Dr. Kiguli to recite poems at Literature festival in Berlin

Sep 14, 2008

UGANDAN poet and writer Dr. Susan Kiguli is set to recite 12 poems at the International Literature festival in Berlin, Germany, later this month. The festival, which attracted over 34,000 literary enthusiasts in 2007, is focusing on Africa this year.

By Harriette Onyalla
UGANDAN poet and writer Dr. Susan Kiguli is set to recite 12 poems at the International Literature festival in Berlin, Germany, later this month. The festival, which attracted over 34,000 literary enthusiasts in 2007, is focusing on Africa this year.

In a press statement, the event organisers, the Berliner Festspiele in conjunction with the Peter Weiss Foundation for Art and Politics, said Kiguli will recite 12 poems during three sessions of the festival which opens on September 24 and ends on October 5.

“She is regarded as one of the most interesting and promising young African poets who compose their poems in the form of oral tradition. The four sections of her African Saga, namely Poems of Protest, Relational Poems, Poems of Nature and Existential Poems perfectly illustrate the range of her themes,” the statement said.

African Saga propelled Kiguli into the ranks of the most exciting recent African poets when it made literary history in Uganda by selling out in less than a year.

The collection of poems also won the National Book Trust of Uganda Poetry Award the year after its publication.

Kiguli, a lecturer at the Literature Department, Makerere University, said she will have at least 20 minutes in each session to recite poems off her African Saga collection written in 1998 and some poems from the Anthropology of poems she is soon to publish.

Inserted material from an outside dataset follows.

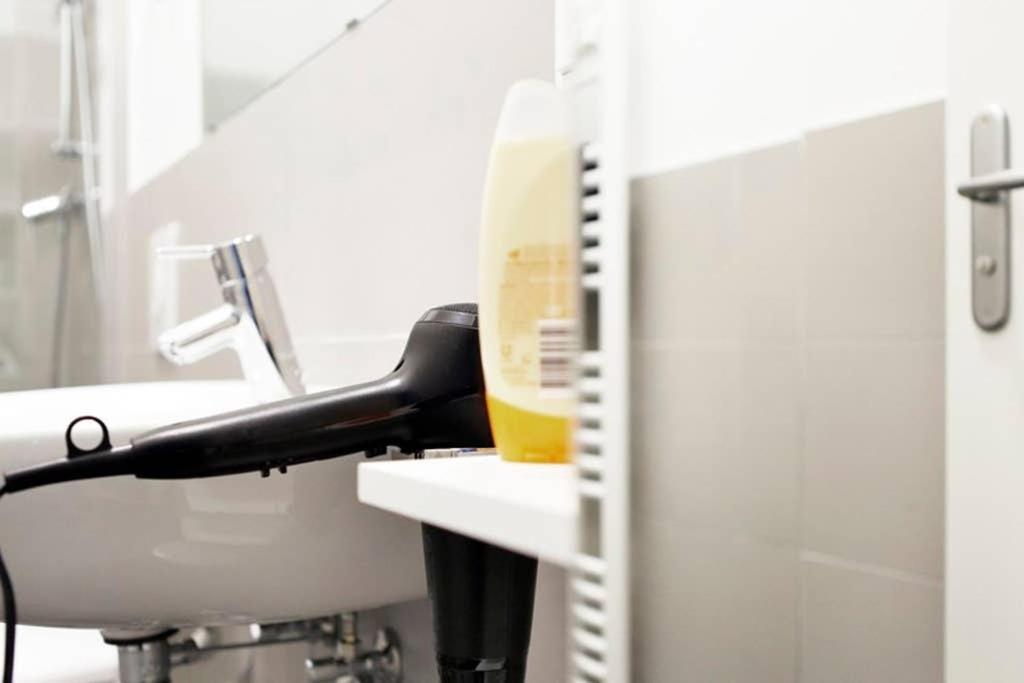 Sc 06 By Rockchair Apartments L Superhost Status L 4 Bedrooms Boxspringbeds 2 Bathrooms Balcony Elevator - Cozy Family & Business Flair Welcomes You! Berlin Eksteriør bilde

She told The New Vision on Wednesday that Back Home a poem which was distinguished by the Stan Journal of Leeds University, UK, is among those she will recite.

The festival will also feature Lebogang Mashile, whose approach to issues like diversity and unity in South Africa; the status of women; violence and the fragility of individuals with a sense of urgency; humour and sometimes sadness has placed her among the Rainbow Nations most popular artists.

Zimbabwean poet Chirikure Chirikure — a critic of the political elite and advocate for the disadvantaged people of Zimbabwe, will also recite a series of poems.

Kiguli and Grada Kilomba will share their experience as members of the African Feminist Movements in which Kiguli has long been known to hold strong sentiments.

Kilomba is a writer, researcher and psychologist from the West African Islands of Sao Tome e` Principe who is now teaching at the Free University of Berlin.

Because of Kiguli’s literary achievements, she has been labelled a ‘woman poet’.

“Why do you have to emphasise that a writer is a woman when she can ably find her place among her male counterparts,” says Kiguli, who is also the chairperson of FEMRITE, Uganda Women Writers’ Association. The festival will also include a panel discussion on African writers and their public responsibility to cause change on the continent. Kiguli has recited her poetry at international book fairs, literature festivals and conferences.